El día que llegué a la mansión de los Nguyen, el lugar parecía un castillo gélido. No me llevaron a ver al novio de inmediato; primero tuve que enfrentar el control estricto del ama de llaves, la Sra. Hoa, y las miradas de desprecio del servicio. El Sr. Hoang me entregó una tarjeta negra y las llaves de la caja fuerte de Phuc, encargándome protegerlo de los “vampiros”, especialmente de su astuto tío materno, Tai.
En la noche de bodas, encontré a Phuc acurrucado en un rincón del vestidor, tapándose los oídos y temblando ante la presencia de una extraña. En lugar de forzarlo, me senté en el suelo y comencé a armar el set de Lego que él había dejado a medias. Con paciencia, logré entrar en su “zona de seguridad”. Me di cuenta de que Phuc no era tonto; era un genio de los números con el alma de un niño puro, atrapado en un mundo caótico.
Comencé a cambiar las reglas de la casa, despidiendo a los empleados insolentes y utilizando mis conocimientos de gestión para descubrir que el tío Tai había robado más de 48 mil millones de dongs de la cuenta de Phuc. Le declaré la guerra abiertamente para proteger el patrimonio de mi esposo.
La tensión estalló en la fiesta del 30 aniversario del grupo. El tío Tai intentó humillar a Phuc públicamente, obligándolo a beber y tratándolo como a un incapaz ante los accionistas. En medio del caos, arrebaté la copa de vino y le pedí a Phuc que leyera el informe financiero. Para asombro de todos, Phuc recitó las cifras con una precisión sobrehumana, exponiendo al mismo tiempo el millonario desfalco gestionado por Tai.
Derrotado, Tai se vengó secuestrando a Phuc, drogándolo y llevándolo a un club nocturno para crear un escándalo con fotos comprometedoras. Aparecí justo a tiempo, transmitiendo todo en vivo por redes sociales ante cientos de miles de personas, convirtiendo su trampa en la prueba definitiva para que la policía lo arrestara.
Tras la tormenta, Phuc maduró.
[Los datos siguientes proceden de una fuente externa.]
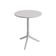 Mesa Redonda Livy Aurah 60x74,5cm Cinza Claro em Polipropileno Plaxmetal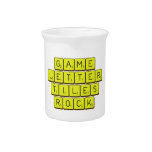 Game
 Letter
 Tiles
 ROCK!  Pitchers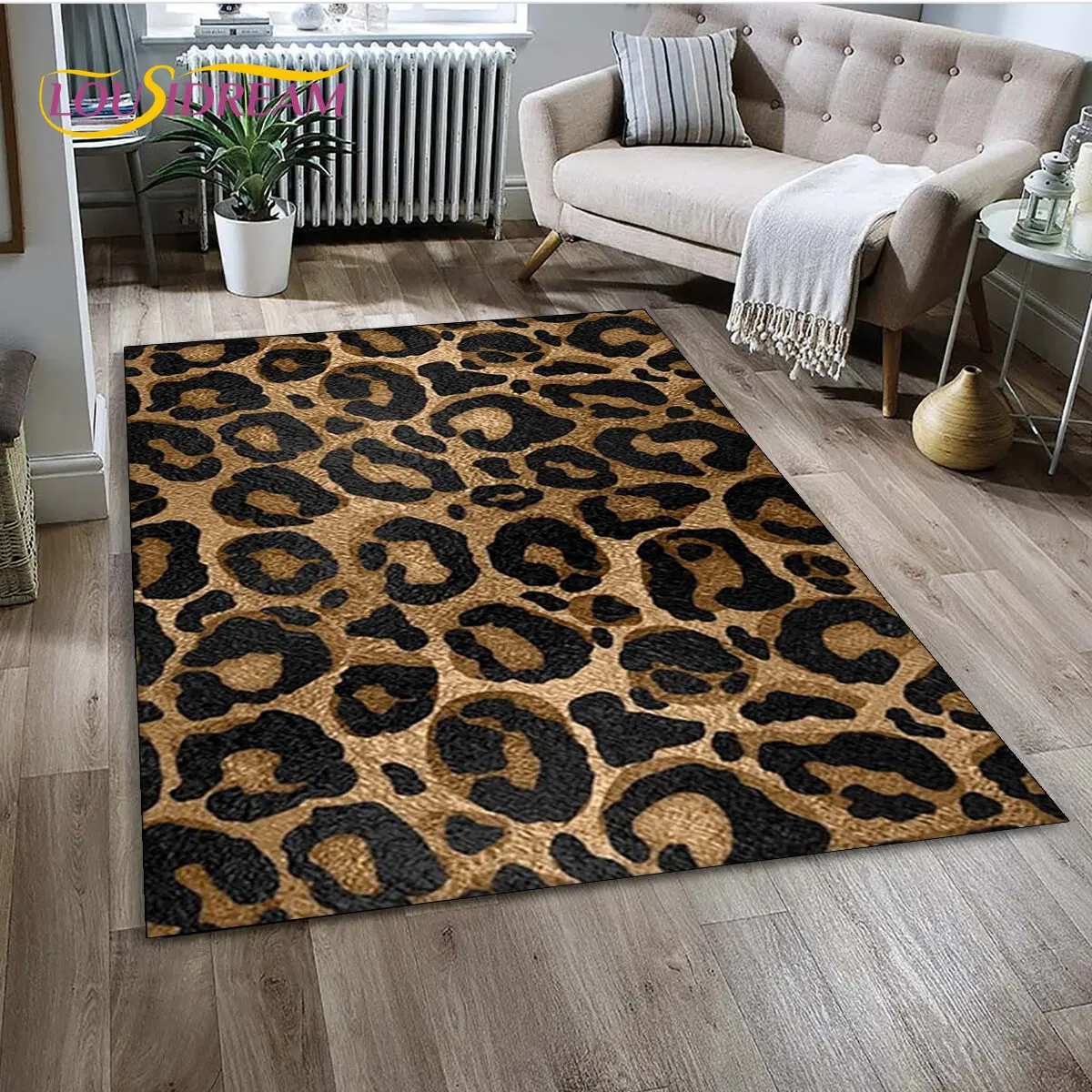 Alfombra con estampado de leop - Kids Outdoor Kitchen reseña y precio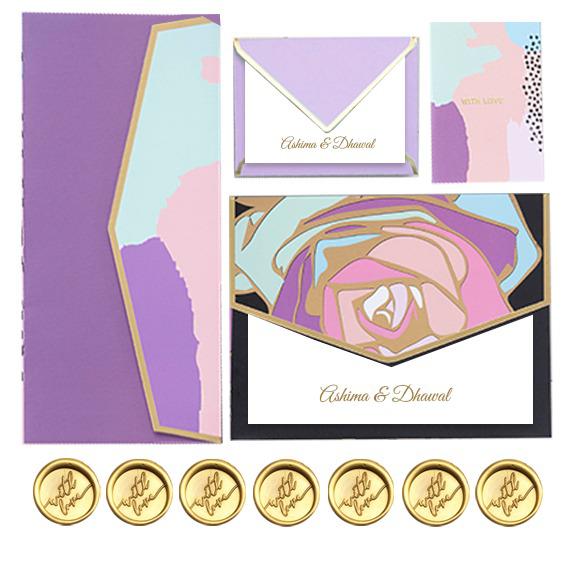 Customized Abstract Social Stationery Set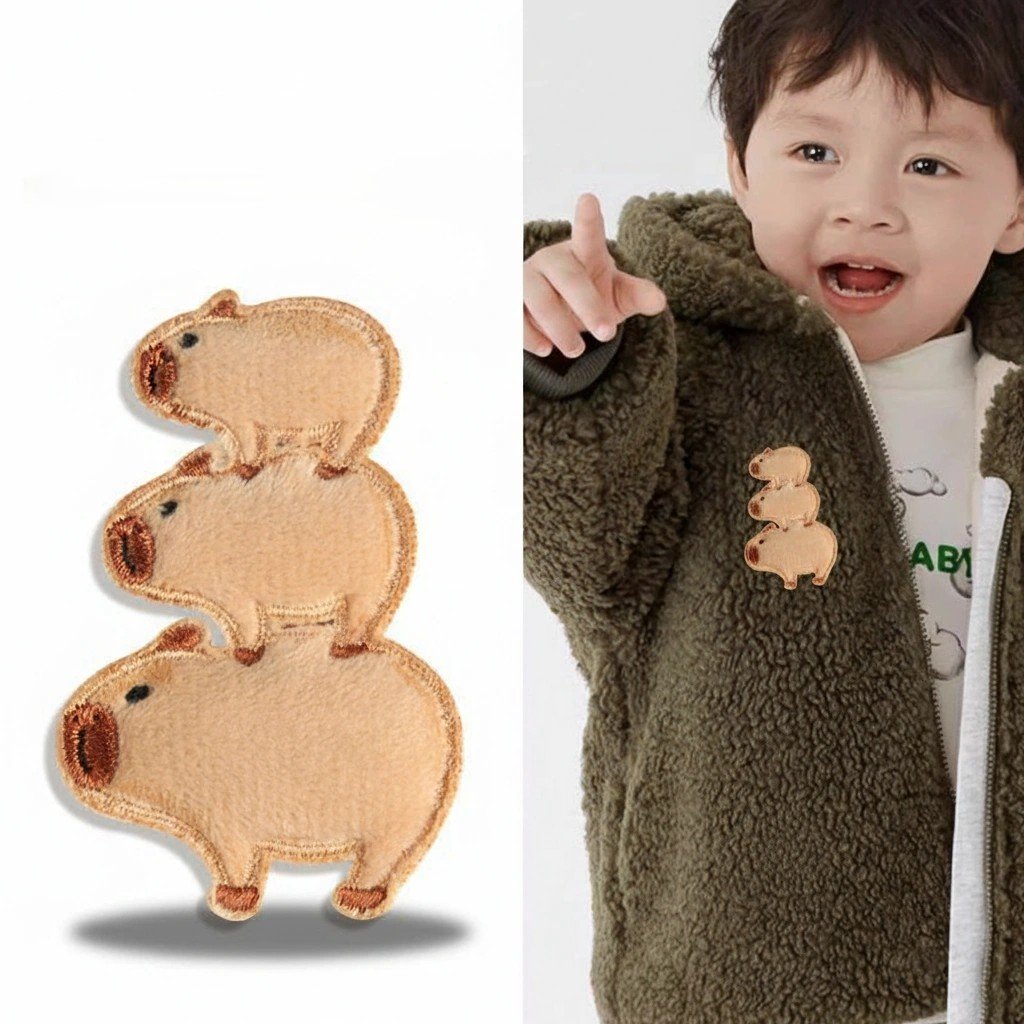 Capybara Iron-On Patches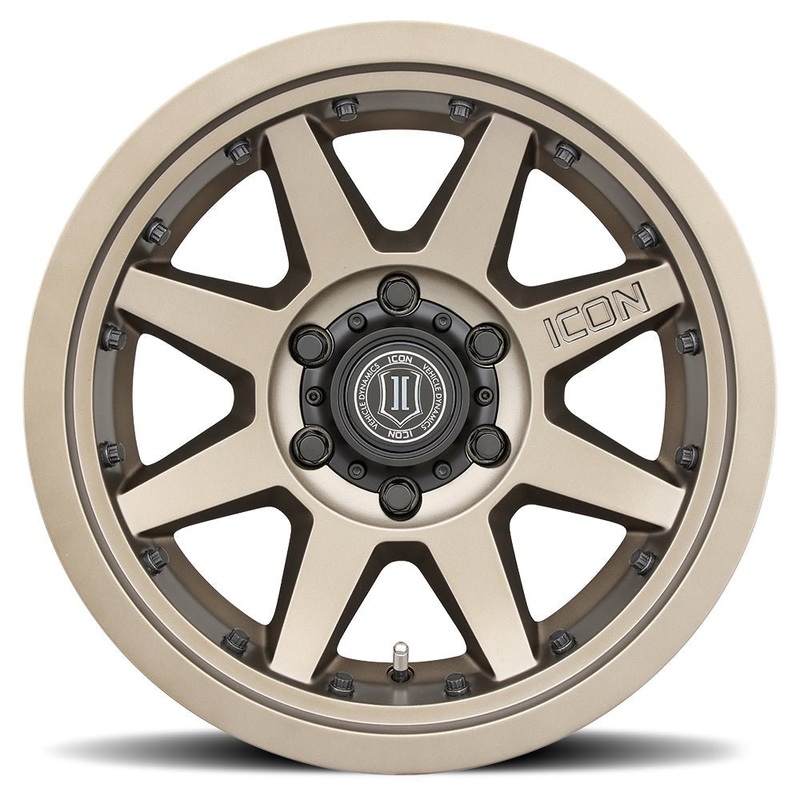 ICON Rebound Pro 17×8.5 6×5.5 25mm Offset 5.75in BS 95.1mm Bore Bronze Wheel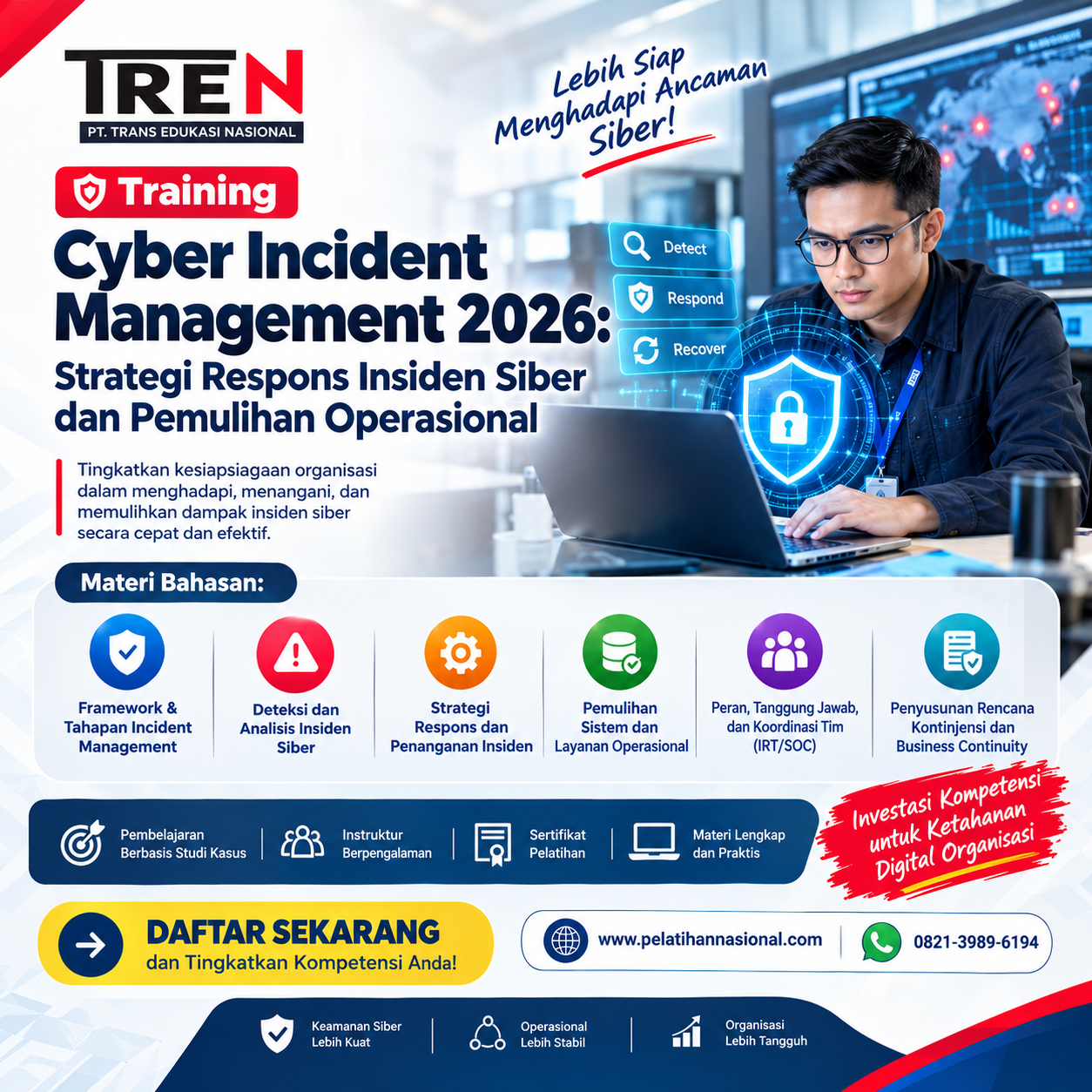 Training Cyber Incident Management 2026: Strategi Respons Insiden Siber dan Pemulihan Operasional
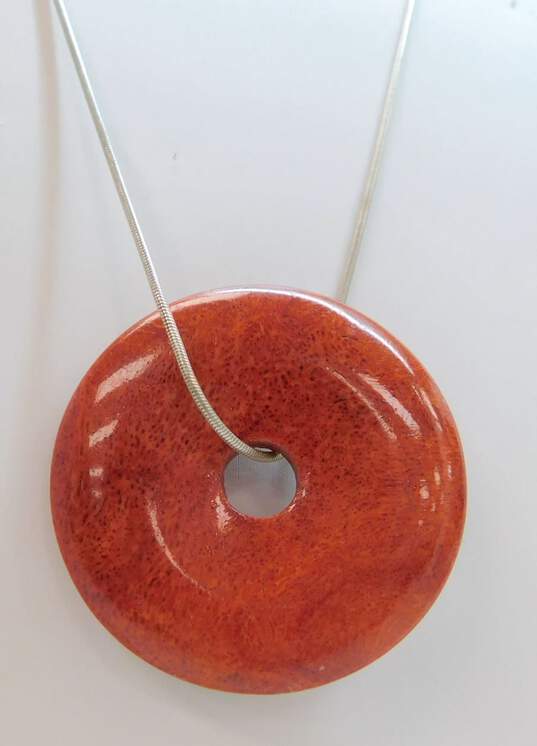 Artisan 925 Sterling Silver & Coral Jewelry image number 3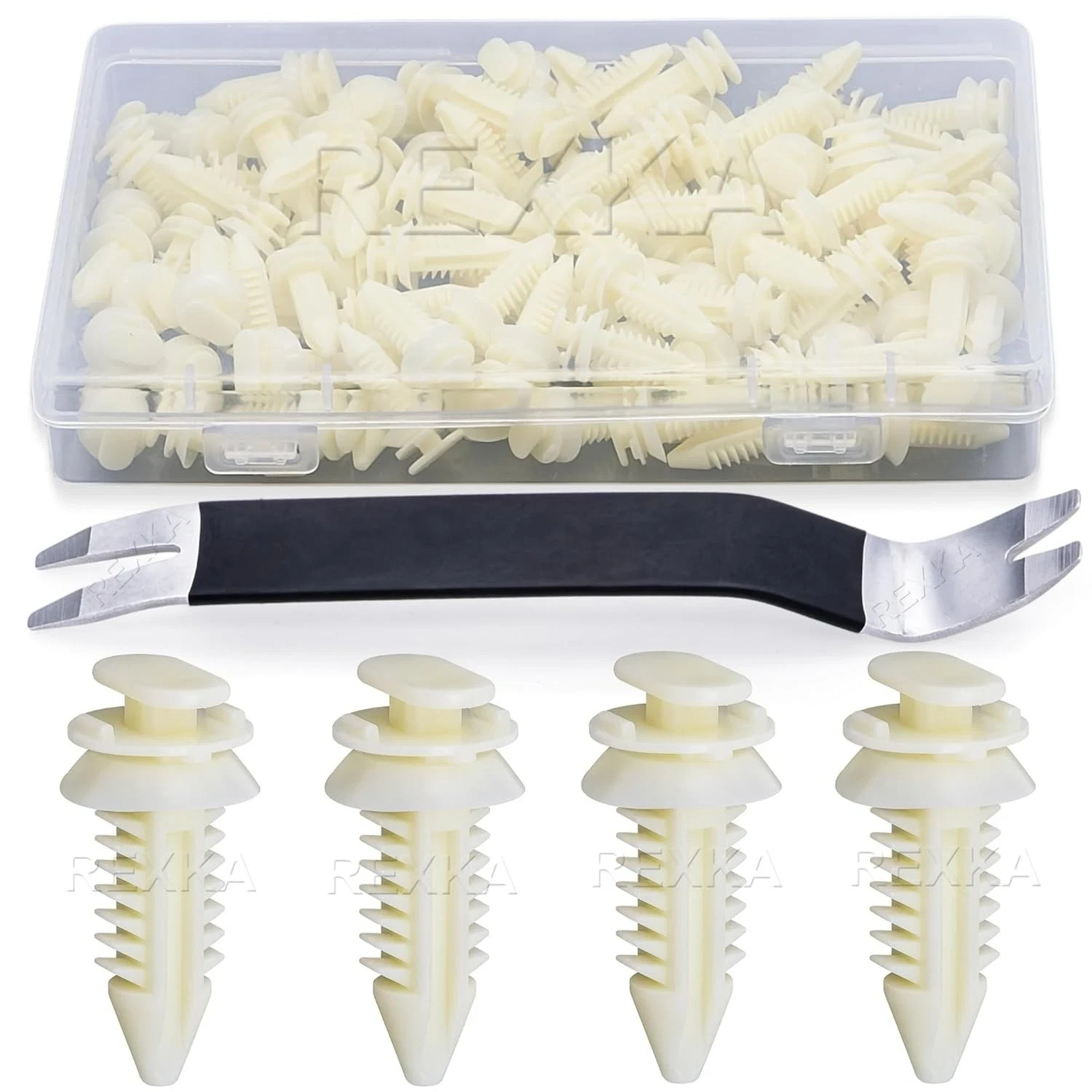 51Pcs GM Door Panel Clips Retainers 15545202 + Trim Tool for Chevy GMC Trucks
En una junta de accionistas crucial sobre un proyecto de 5 mil millones de dólares, fue él quien se puso en pie para señalar el fraude en la oferta de un competidor extranjero, salvando al grupo de una estafa monumental. En ese momento, todo el salón se puso en pie para ovacionar al “chico tonto” que resultó ser un líder.
Tres años después, las tormentas de mi familia biológica cesaron cuando el Sr. Hoang neutralizó la codicia de mis hermanas. La mansión ahora está llena de risas gracias a Thien An, nuestro hijo de tres años.
En la noche de nuestro aniversario, Phuc me llevó al balcón. Ya no era el chico que temía a las multitudes. Me tomó de la mano, se arrodilló y me entregó un anillo hecho de hierba trenzada. Me miró con una confianza y un amor profundos: “Gracias, Thu, por no abandonar a este tonto. Me enseñaste que la inteligencia no es calcular cuánto dinero tienes, sino cuánta felicidad puedes retener”.
Los fuegos artificiales iluminaron el cielo. El frío contrato matrimonial de hace años había sido destruido, reemplazado por una promesa eterna escrita con el amor más sincero. Apoyé mi cabeza en su hombro, dándome cuenta de que en este juego del destino, yo había ganado el premio más valioso: un corazón completo.